Additional details about the model, including comparisons to other public models are available in the accompanying paper, accepted to the 2025 AAAI workshop on AI for Cyber Security (AICS).

Ardennes NIM Usage

Setup

One-time access setup, as needed:

export NGC_API_KEY=<YOUR NGC API KEY>
docker login nvcr.io  # ensure you login with the right key. Sometimes, if you've used another key in the past, this will just succeed without asking you for your new key.
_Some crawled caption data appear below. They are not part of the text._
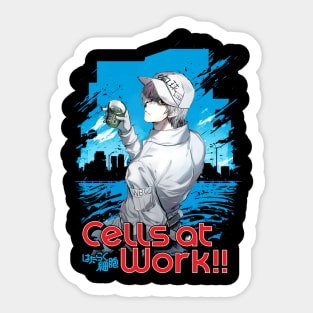 Vintage White Blood Cell Comedy Japanese Anime Sticker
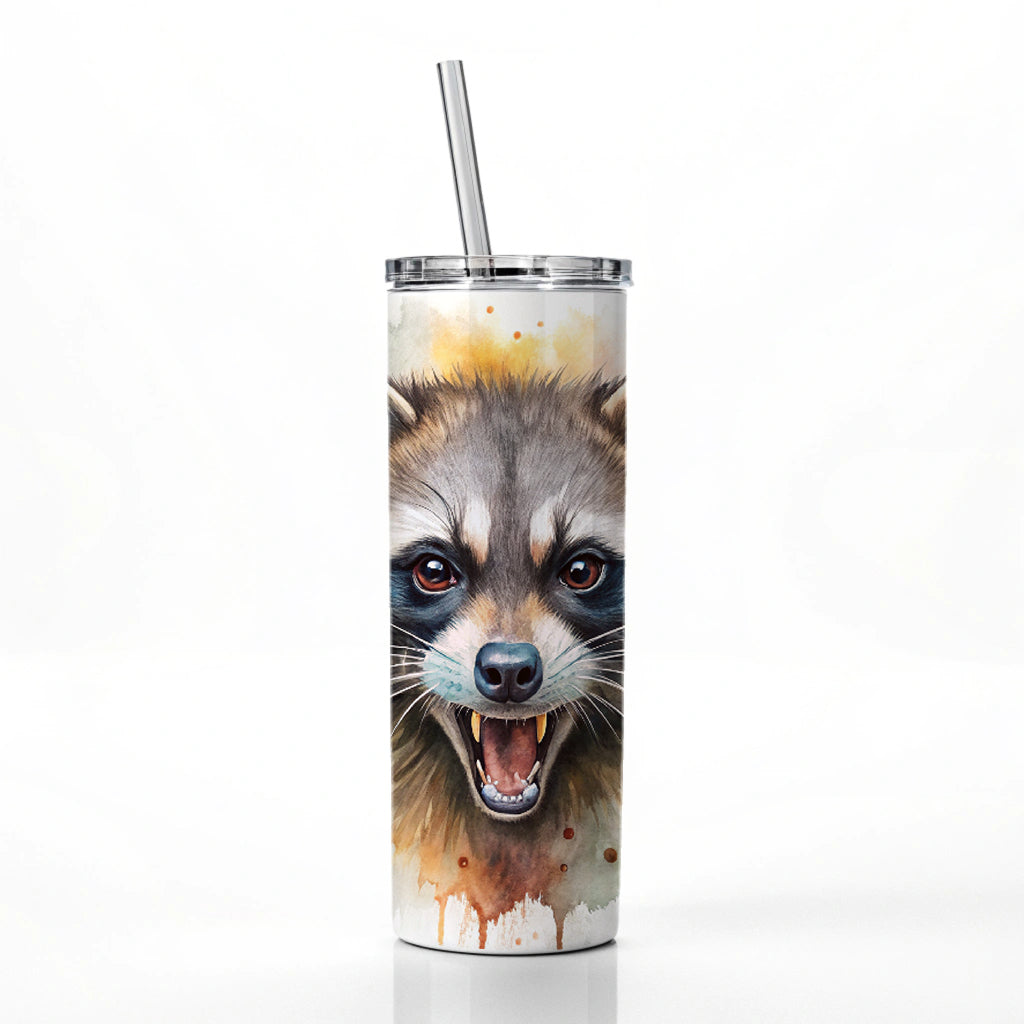 Angry Mad Raccoon Watercolor Skinny Tumbler 20oz with Straw Insulated Water Bottle Gift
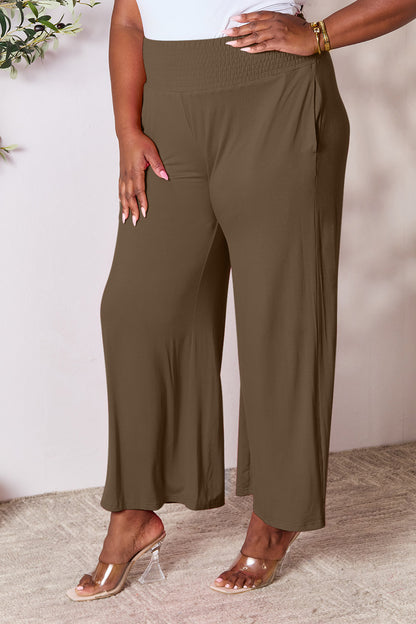 Double Take Full Size Smocked Wide Waistband Wide Leg Pants – Uneeque Designzz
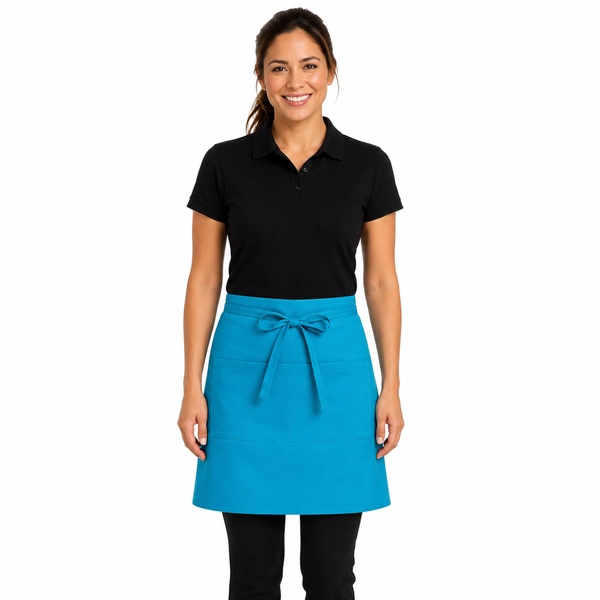 two pockets bistro apron, bistro aprons, turquoise apron, front house bistro apron, front house apron, bistro apron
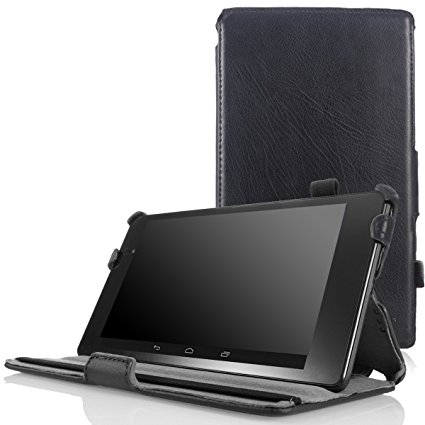 Google New Nexus 7 FHD 2nd Gen Case - MoKo Genuine Leather Slim-Fit Multi-angle Stand Cover with Auto Wake / Sleep for Google Nexus 2 7.0 Inch 2013 Generation Android Tablet, BLACK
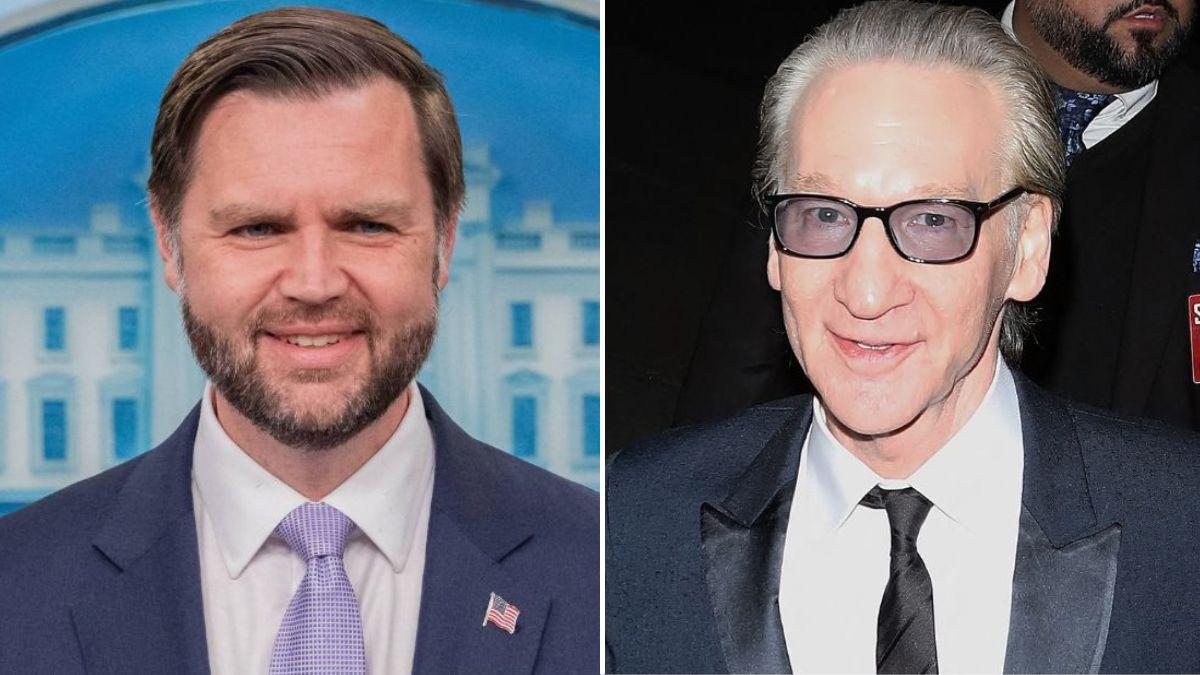 split image of JD Vance and Bill Maher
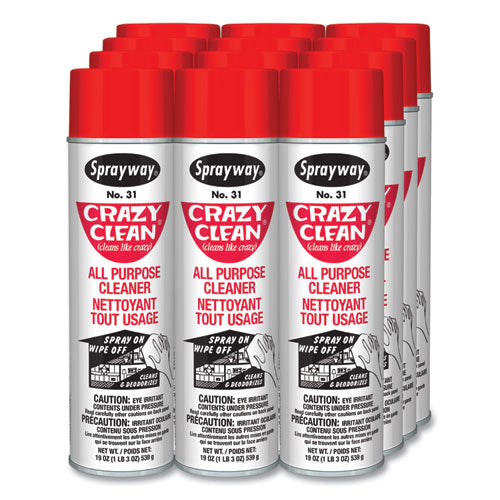 Image of Sprayway® Crazy Clean All Purpose Cleaner, Floral Scent, 19 oz Aerosol Spray, Dozen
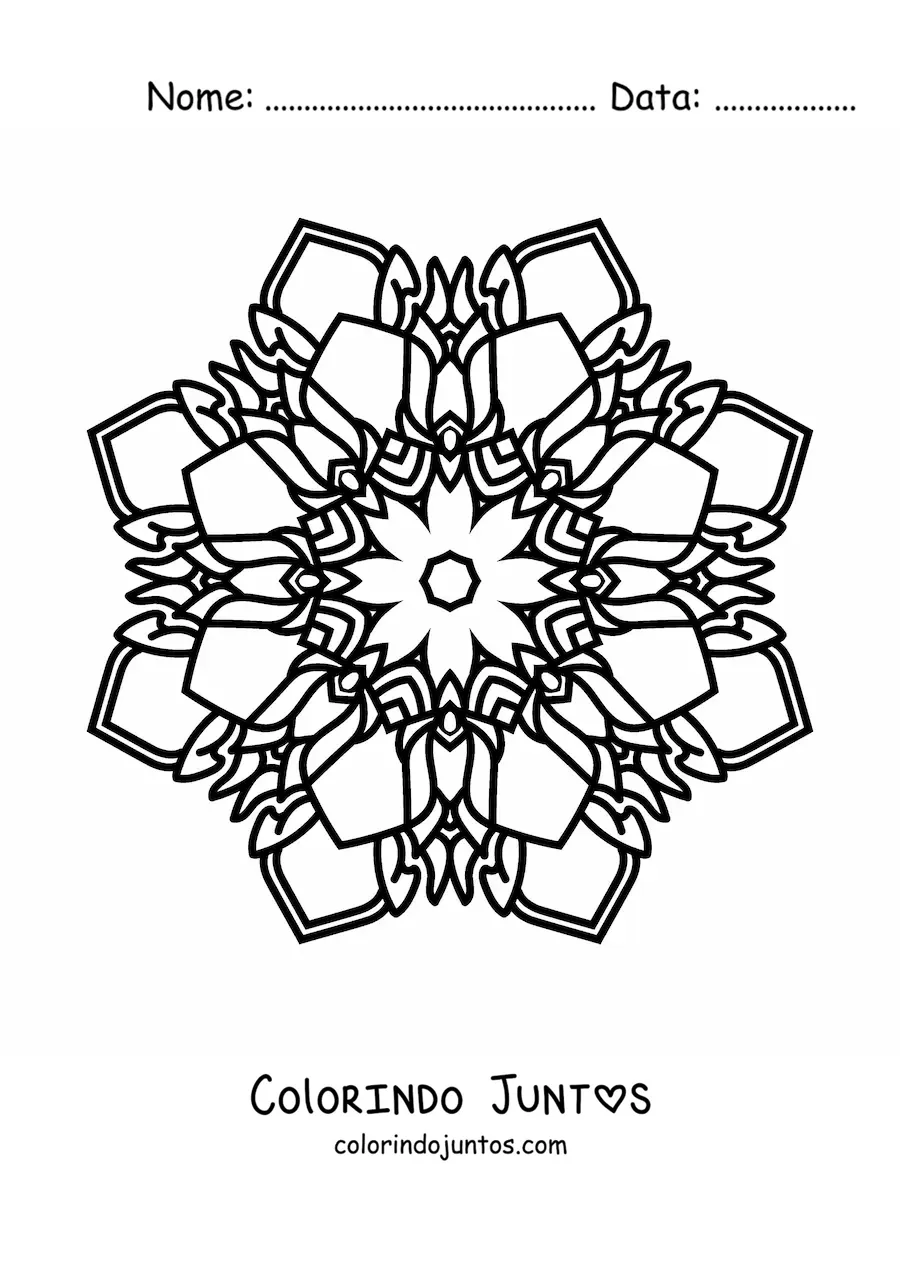 Desenho para colorir de mandala budista fácil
In this case, delete the config file it caches creds in, and try again.

# Username: $oauthtoken
# Password: <NGC_API_KEY>

Serving the model as a NIM

We provide the Ardennes model as an NVIDIA NIM, so you can simply pull the image from docker and run it.

#!/bin/bash

export NGC_API_KEY=<your NGC personal key with access to the "nvstaging/nim" org/team>
export NIM_IMAGE='nvcr.io/nvstaging/nim/ardennes-jailbreak-arctic-nim:v0.1'
export MODEL_NAME='ardennes-jailbreak-arctic'
docker pull $NIM_IMAGE

And go!

docker run -it --name=$MODEL_NAME \
    --gpus=all --runtime=nvidia \
    -e NGC_API_KEY="$NGC_API_KEY" \
    --expose 8000 \
    $NIM_IMAGE

Running inference with the NIM

The running NIM container exposes a standard REST API and you can send POST requests to the v1/classify endpoint as JSON to get model responses.

$ curl --data '{"input": "hello this is a test"}' --header "Content-Type: application/json" --header "Accept: application/json" http://0.0.0.0:8000/v1/classify

This will return a JSON dictionary with the model’s prediction of whether or not the provided input is a jailbreaking attempt.

{"jailbreak": false, "score": -0.9921652427737031}

You are responsible for ensuring that your use of NVIDIA AI Foundation Models complies with all applicable laws.